▼
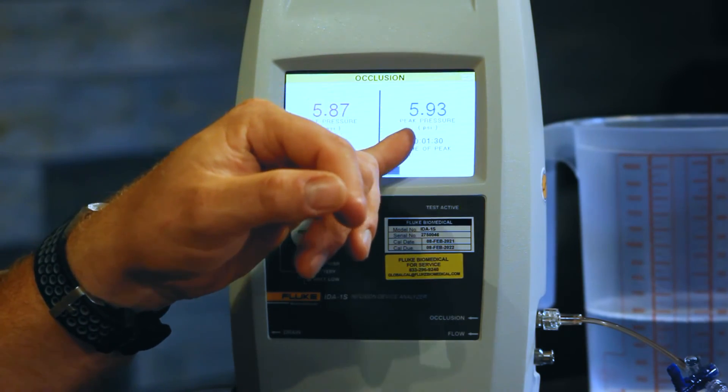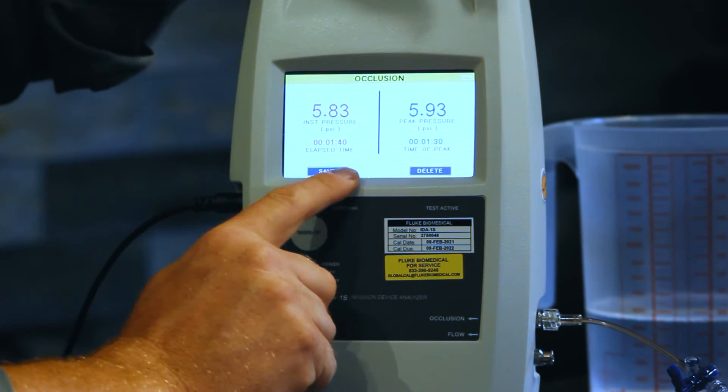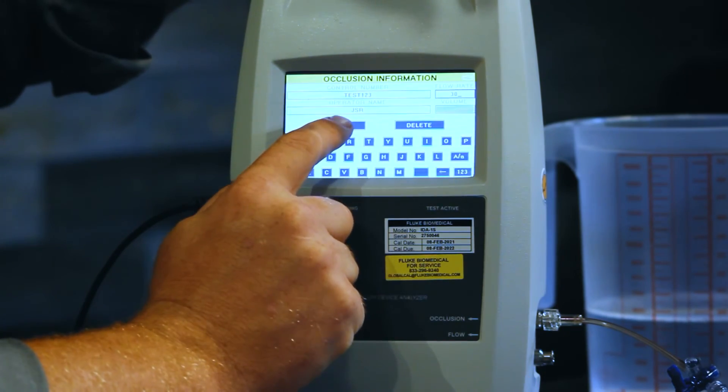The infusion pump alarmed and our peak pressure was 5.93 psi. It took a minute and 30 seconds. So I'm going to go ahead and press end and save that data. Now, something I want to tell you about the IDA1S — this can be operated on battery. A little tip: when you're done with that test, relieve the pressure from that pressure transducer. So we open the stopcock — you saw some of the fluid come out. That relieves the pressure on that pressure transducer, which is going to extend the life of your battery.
▲
▼
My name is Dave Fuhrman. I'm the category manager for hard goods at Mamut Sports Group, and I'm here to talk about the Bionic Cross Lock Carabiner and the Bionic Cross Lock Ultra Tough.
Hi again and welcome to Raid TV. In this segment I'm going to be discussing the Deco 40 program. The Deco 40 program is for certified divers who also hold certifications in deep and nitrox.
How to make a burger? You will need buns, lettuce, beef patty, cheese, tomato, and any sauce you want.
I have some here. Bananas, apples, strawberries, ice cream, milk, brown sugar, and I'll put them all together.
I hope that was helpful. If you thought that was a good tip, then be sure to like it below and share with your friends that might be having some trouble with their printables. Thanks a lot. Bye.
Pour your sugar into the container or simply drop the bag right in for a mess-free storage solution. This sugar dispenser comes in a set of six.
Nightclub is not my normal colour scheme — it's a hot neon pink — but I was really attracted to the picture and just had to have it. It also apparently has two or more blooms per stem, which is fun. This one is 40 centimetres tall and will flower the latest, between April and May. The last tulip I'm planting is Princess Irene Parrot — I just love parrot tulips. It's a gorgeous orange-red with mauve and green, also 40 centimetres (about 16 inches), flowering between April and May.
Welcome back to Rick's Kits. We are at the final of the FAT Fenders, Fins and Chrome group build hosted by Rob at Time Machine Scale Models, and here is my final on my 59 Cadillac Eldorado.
▲
▸ What the exercise asks
Above are the records; print exactly the lines from the line with "Pour your sugar" to the line with "Welcome back to", including both, and nothing else.

▸ Answer to the problem
Pour your sugar into the container or simply drop the bag right in for a mess-free storage solution. This sugar dispenser comes in a set of six.
Nightclub is not my normal colour scheme — it's a hot neon pink — but I was really attracted to the picture and just had to have it. It also apparently has two or more blooms per stem, which is fun. This one is 40 centimetres tall and will flower the latest, between April and May. The last tulip I'm planting is Princess Irene Parrot — I just love parrot tulips. It's a gorgeous orange-red with mauve and green, also 40 centimetres (about 16 inches), flowering between April and May.
Welcome back to Rick's Kits. We are at the final of the FAT Fenders, Fins and Chrome group build hosted by Rob at Time Machine Scale Models, and here is my final on my 59 Cadillac Eldorado.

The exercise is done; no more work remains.